Source: ICMC Europe, Welcome to Europe! A Comprehensive Guide to Resettlement, 2013
The Welcome to Europe France country chapter is available here for download.
Resettlement quota & actors
Start of annual quota: 2008
Current quota: 100 dossier cases per year
Main national actors: Ministry of Interior, Ministry of Foreign Affairs, French Office of Immigration and Integration (OFII), French Office for Protection of Refugees and Stateless Persons (OFPRA), Forum Réfugiés-Cosi (FRC), France Terre d’Asile (FTDA), Adoma, Entraide Pierre Valdo, ISARD-COS, selected regional and local authorities.

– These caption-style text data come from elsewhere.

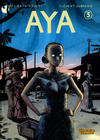Cover for Aya (Carlsen Comics [DE], 2006 series) #3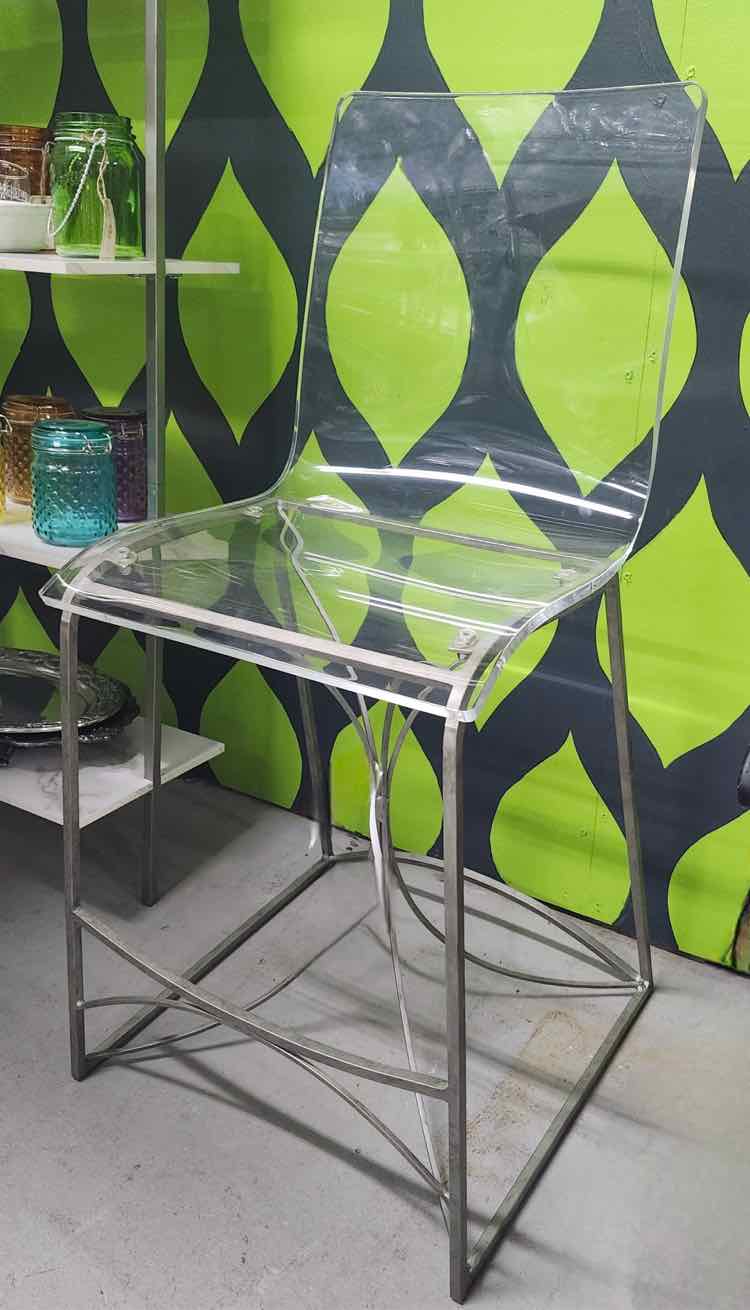 Acrylic Bar Stools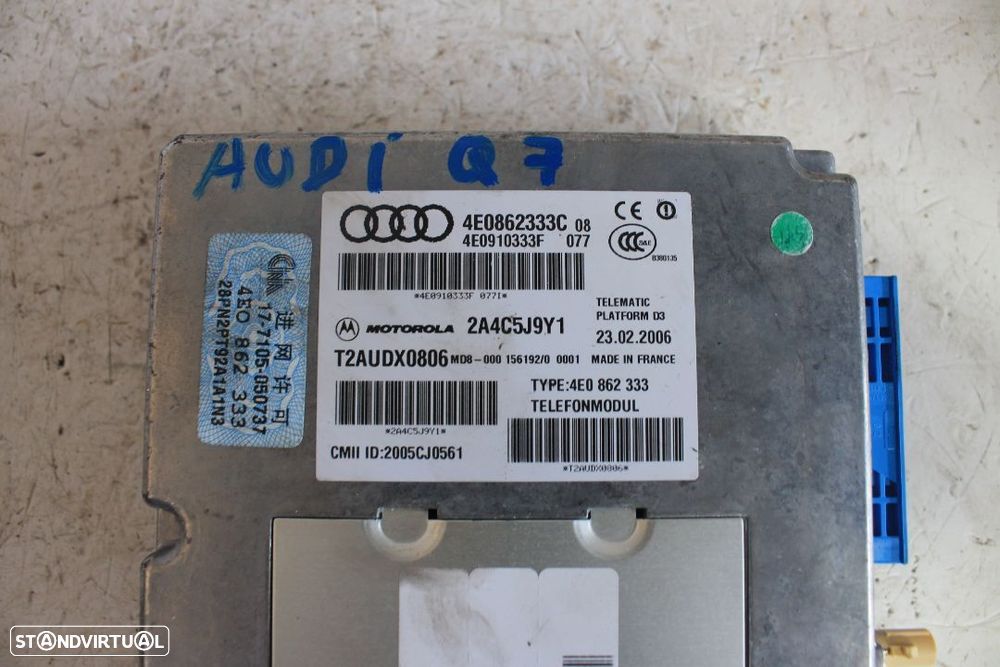 Centralina Audi Q7 - 3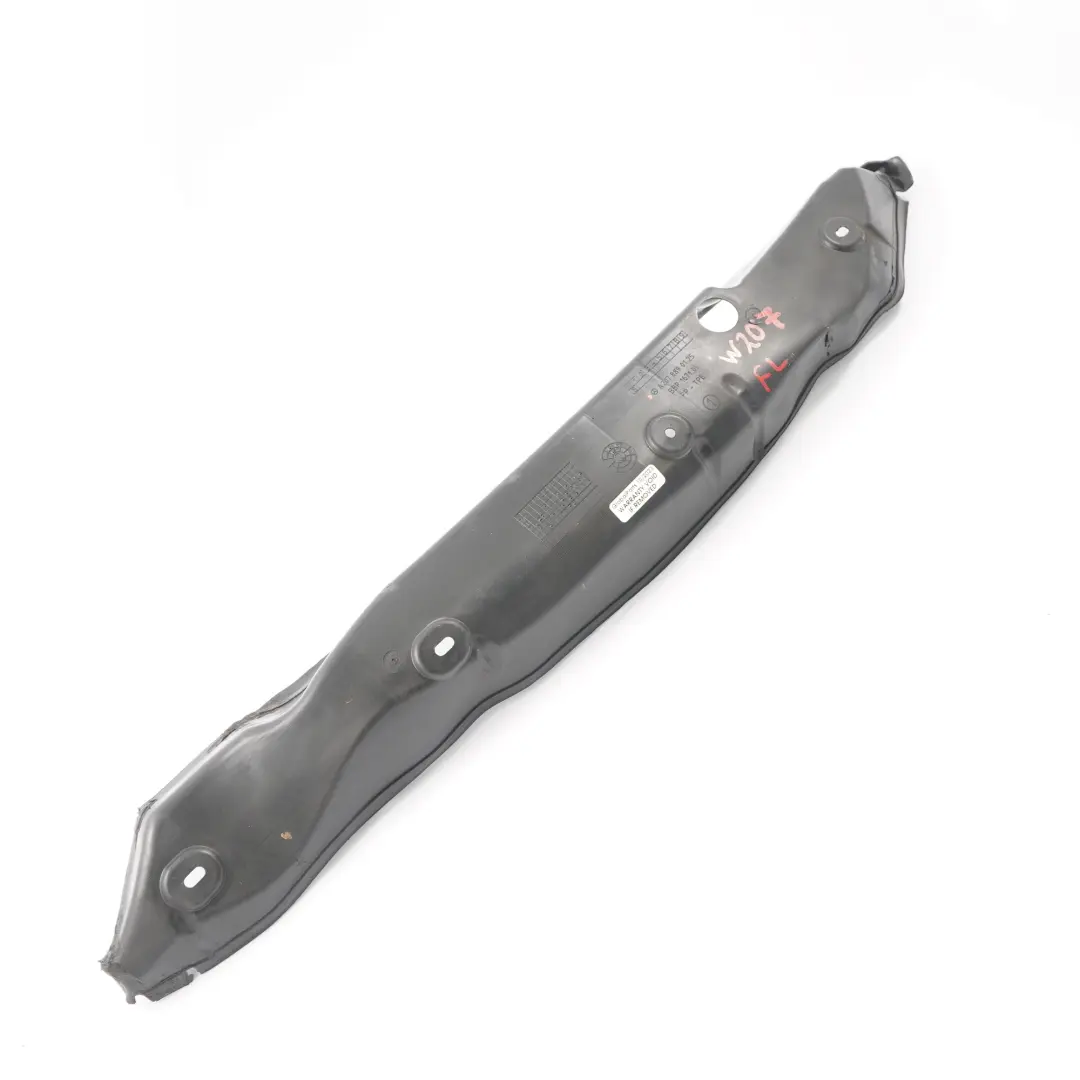 Mercedes W207 Fender Wing Panel Seal Front Left N/S Cover Bracket - SKU A2078890125 - Part number A2078890125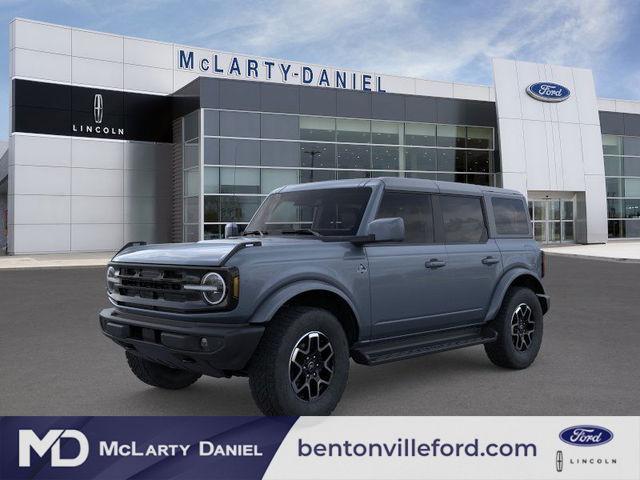 new 2025 Ford Bronco car, priced at $49,857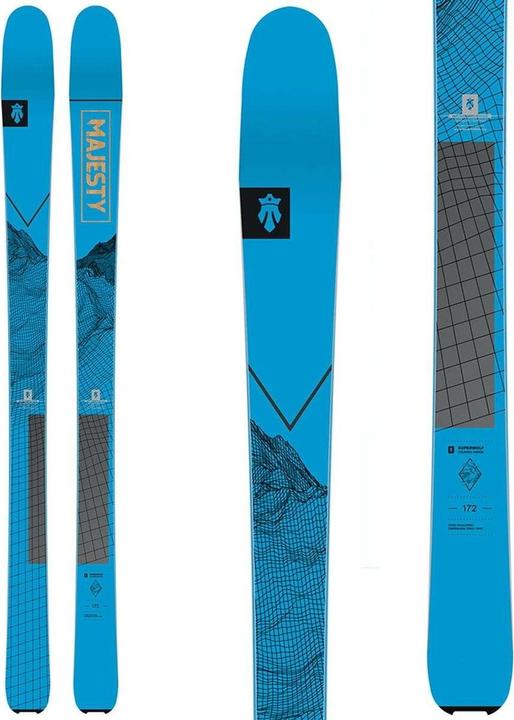 Produktbild Majesty Superwolf 2023 (166 cm, Ohne Bindung)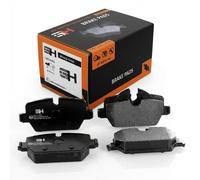 1x Kit Pastiglie Freno Posteriore per BMW 3 E90 2005-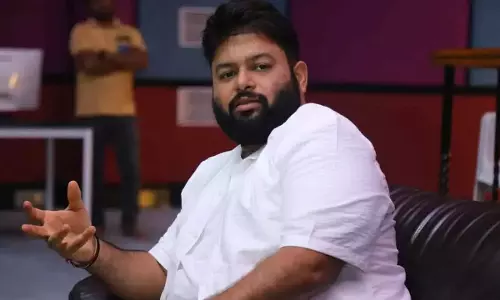 తమన్ చేతిలో రాజాసాబ్ అస్త్రం!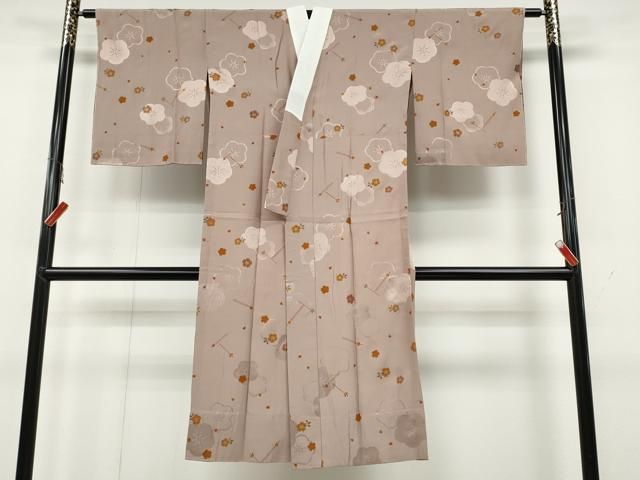 平和屋着物 長襦袢 無双仕立て 簪 舞花文 金彩 正絹 CAAZ2710ut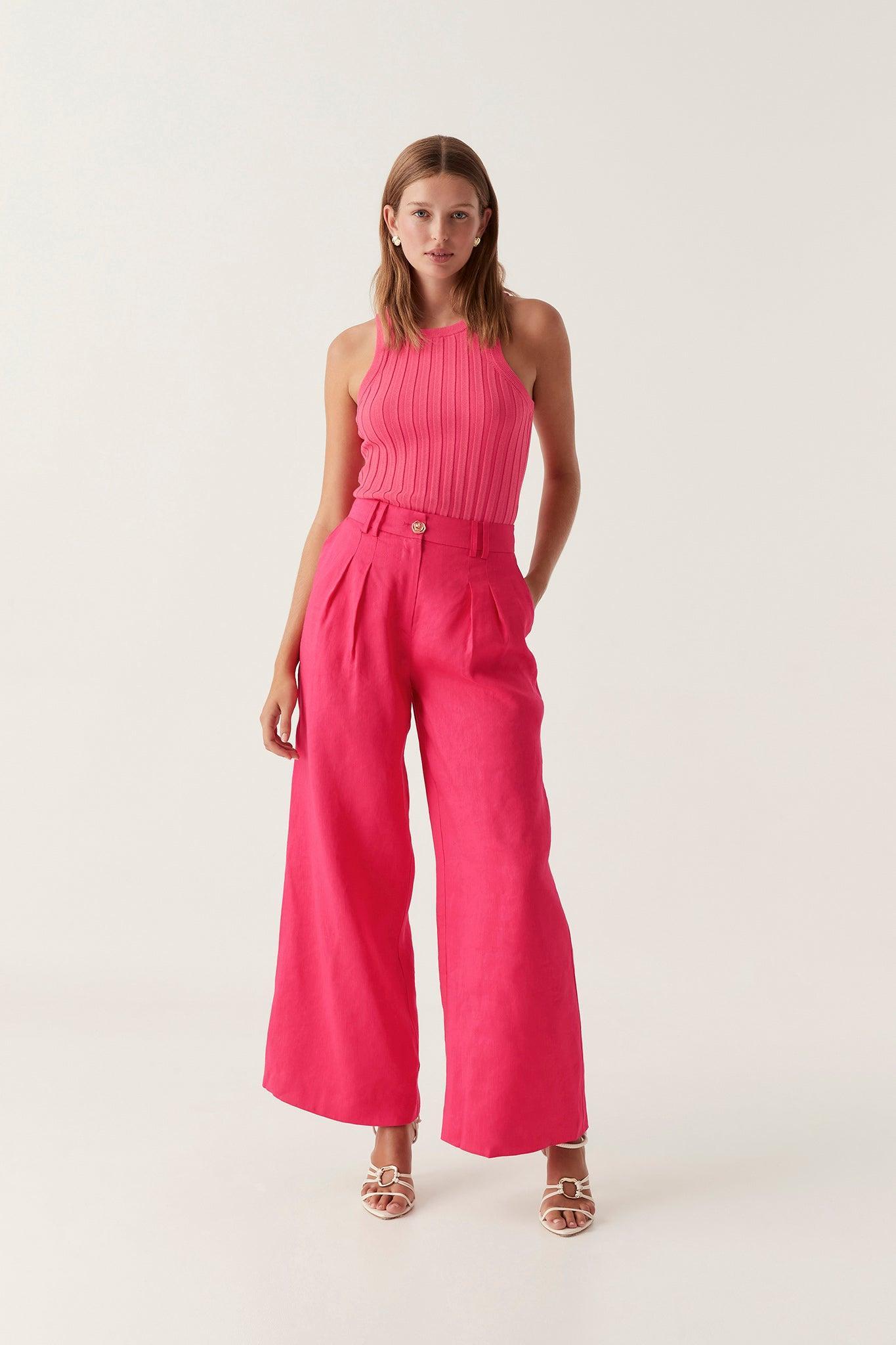 Vista High Waist Wide Leg Pant product image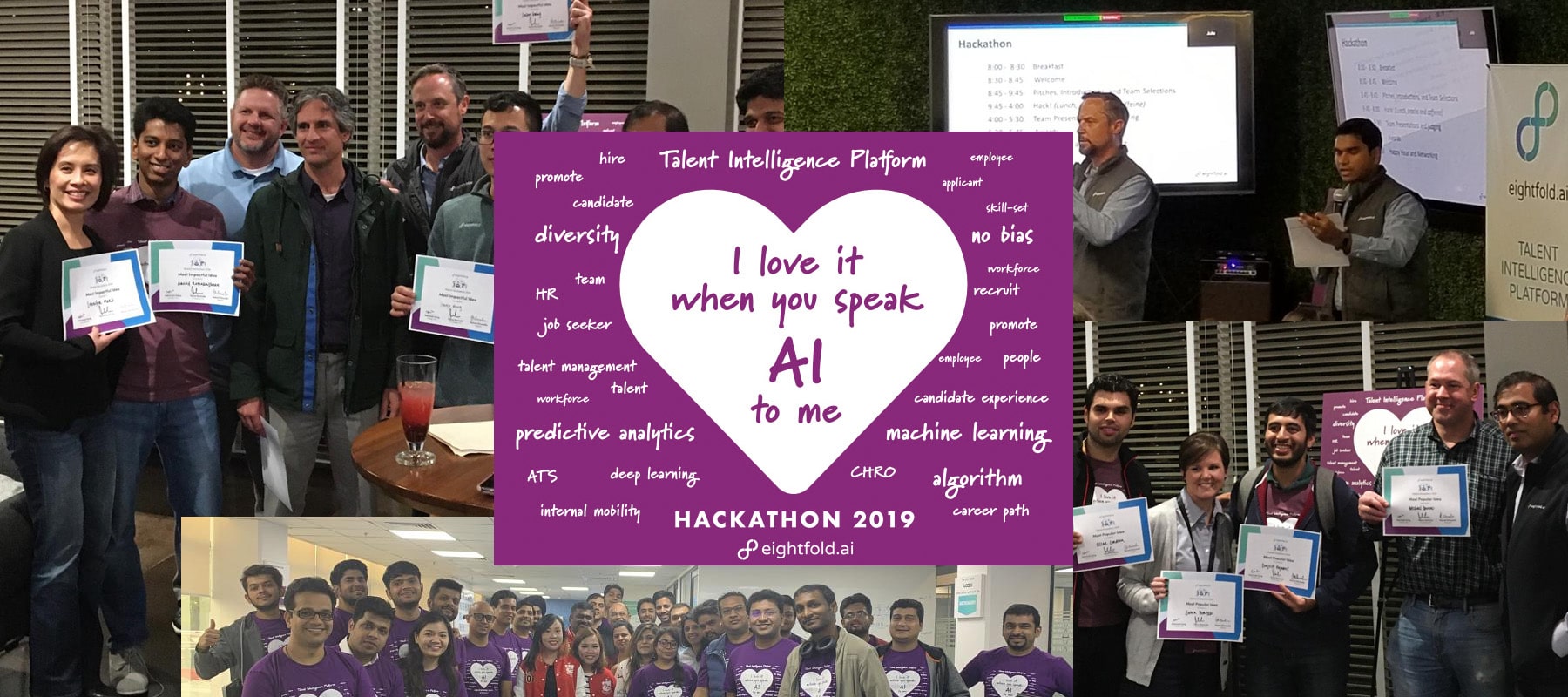 Eightfold Global Hackathon 2019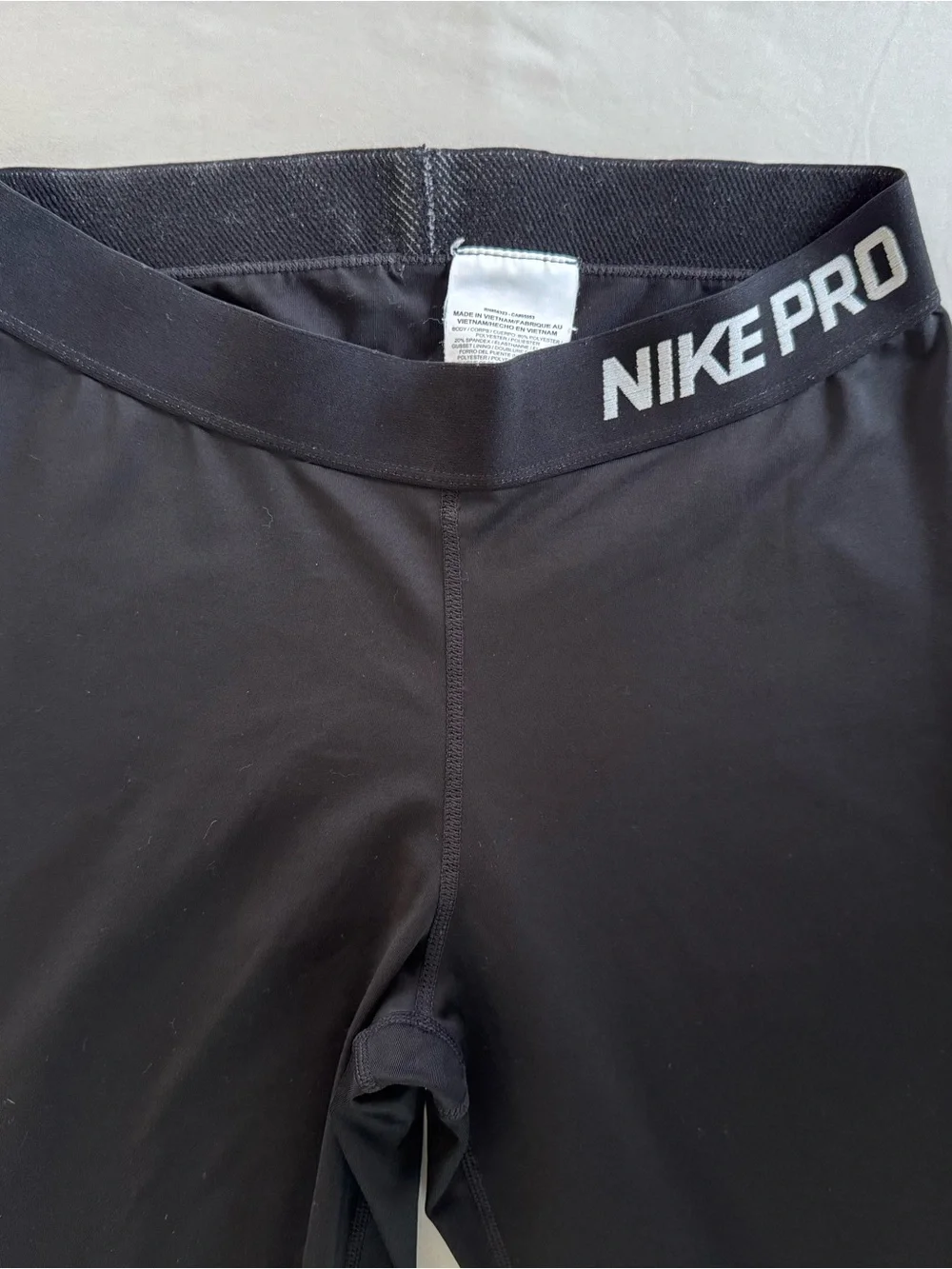 Nike Pro Black Women’s Performance Leggings Dri-Fit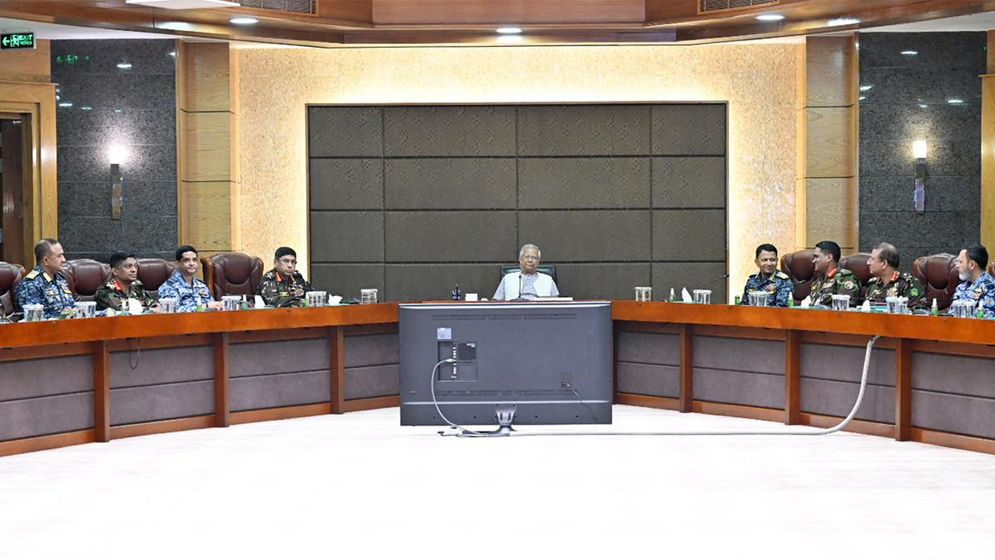 অবাধ-সুষ্ঠু নির্বাচন নিশ্চিতে সশস্ত্র বাহিনীকে সর্বোচ্চ সতর্কতার নির্দেশ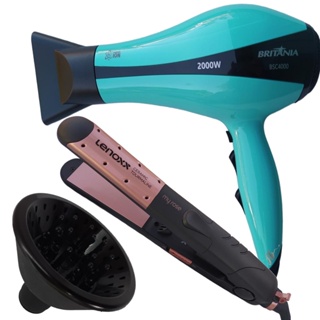 Secador De Cabelo Profissional Salão Cabeleireiro Potência 5000w 110v -  SECADOR 5000W - Secador de Cabelo Profissional - Magazine Luiza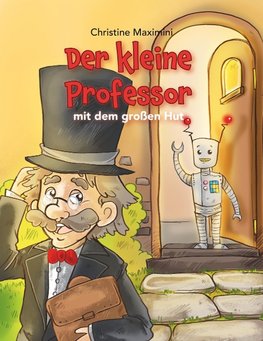 Der kleine Professor mit dem großen Hut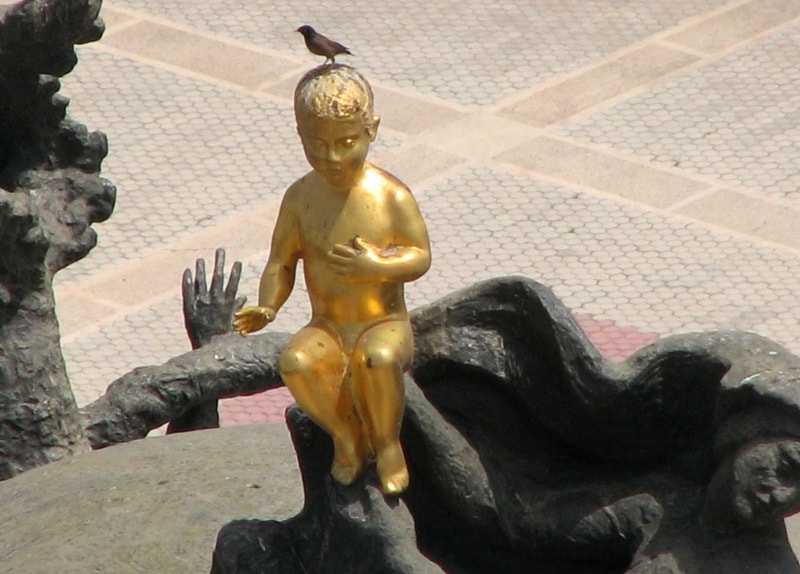 Monument Ashgabat earthquake.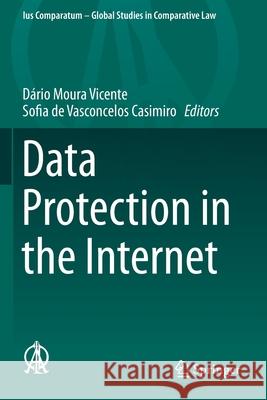 Data Protection in the Internet D Mour Sofia d 9783030280512 Springer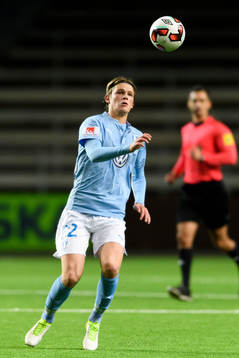 Malmö FFs Hugo Andersson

|Year||Dossiers submitted||Accepted (nr. of persons)||Arrivals - Annual resettlement programme||Total arrivals per year (all annual programmes included)||Nationality ⇒ Country of asylum of largest groups|
Syrians ⇒ Jordan, Lebanon
Afghans ⇒ Iran, Pakistan
Somalis ⇒ Kenya
|2013||100||Processing ongoing||N/A||107||Varied caseload|
|2012||115||Processing ongoing||8||90||Varied caseload|
|2011||105||142||66||55||Afghans, Palestinians, Congolese (DRC)|
|2010||100||149||130||203||Ethiopians, Afghans, Congolese (DRC)|
|2009||101||151||150||159||Palestinians in Iraq|
Since 2010, the number of arrivals has declined. Although the Ministry of Interior has not slowed down the examination of dossiers, arrivals of accepted persons have been delayed. Resettlement arrivals amounted to 55 in 2011 (3 persons from the 2008 caseload, 51 from the 2010 caseload and 1 from the 2011 caseload) and 90 persons in 2012 (37 from the 2010 caseload and 53 from the 2011 caseload).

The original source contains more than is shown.